After Pemex’s fuel output sank in 2016 to the lowest level in 26 years, the company pledged to invest more in its refineries this year. Crude processing has rebounded following the completion of maintenance at the end of 2016 and the recovery of prices for refined products, Pemex said in a presentation on its website.
The state-owned oil company has benefited from the government’s change in policy to bring fuel prices in line with international rates. The new policy, which became known as the “gasolinazo,” or fuel price slam, pushed up pump prices by as much as 20 percent at the start of the year and led to riots and blockades at some fuel terminals.
The country’s refineries processed almost 950,000 barrels a day in the first quarter of 2017, and Pemex has pledged to raise output to about 1.1 million barrels a day by April. Gasoline imports, which fell 11 percent from the previous quarter, were up 23 percent from a year ago.
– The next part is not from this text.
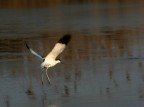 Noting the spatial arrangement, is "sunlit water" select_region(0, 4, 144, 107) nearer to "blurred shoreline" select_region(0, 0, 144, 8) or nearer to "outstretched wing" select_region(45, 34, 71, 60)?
"outstretched wing" select_region(45, 34, 71, 60)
U.S. refiners such as Valero Energy Corp. and Phillips 66 are looking to export more fuel to Mexico and the rest of Latin America as domestic consumption levels off.
Pemex aims to further increase gasoline and diesel production by seeking partners for its refinery projects, including a coker at the Tula refinery in Hidalgo state. “We expect to have a partner toward the end of the year, hopefully in the next three to four months,” said Carlos Murrieta, Pemex refining head, on a Wednesday call with investors.